─── The records ───

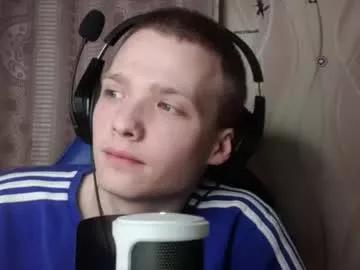 Freechat konnor_deviant on Chaturbate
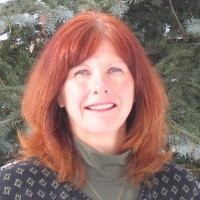 Luann Hadlock Email & Phone Number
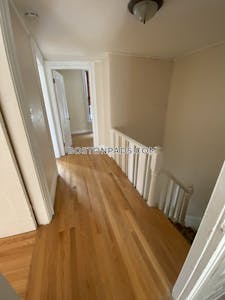 Brighton Apartment for rent 3 Bedrooms 1 Bath Boston - $3,800 No Fee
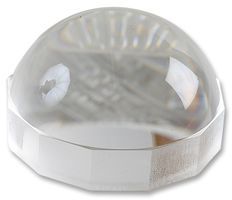 COIL         5850             MAGNIFIER, FOCAL PLANE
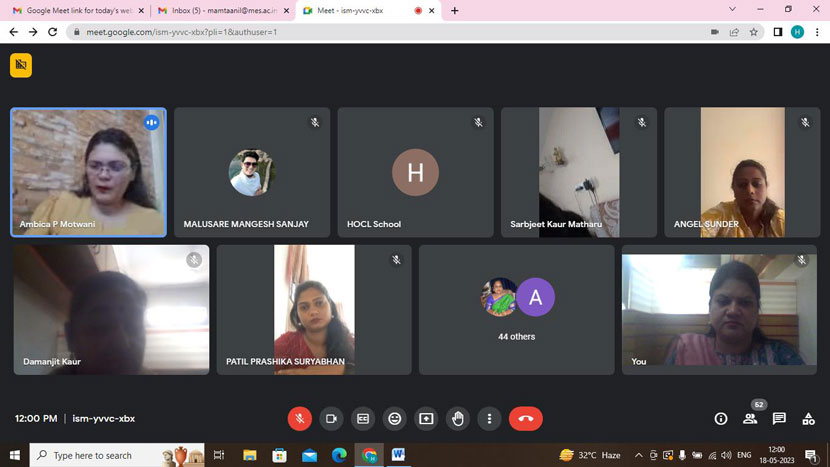 webinar-on-artificial-intelligence-open-resource-and-mindfulness (11)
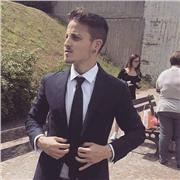 Insegnante di diritto del lavoro, abilitato alla professione di consulente del lavoro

───

**Work to be completed:** Set out, exactly as given, the line that contains "MAGNIFIER, FOCAL PLANE" along with each line after it through the end of the records above; omit the pictures.

**Result for this exercise:**
 COIL         5850             MAGNIFIER, FOCAL PLANE
 webinar-on-artificial-intelligence-open-resource-and-mindfulness (11)
 Insegnante di diritto del lavoro, abilitato alla professione di consulente del lavoro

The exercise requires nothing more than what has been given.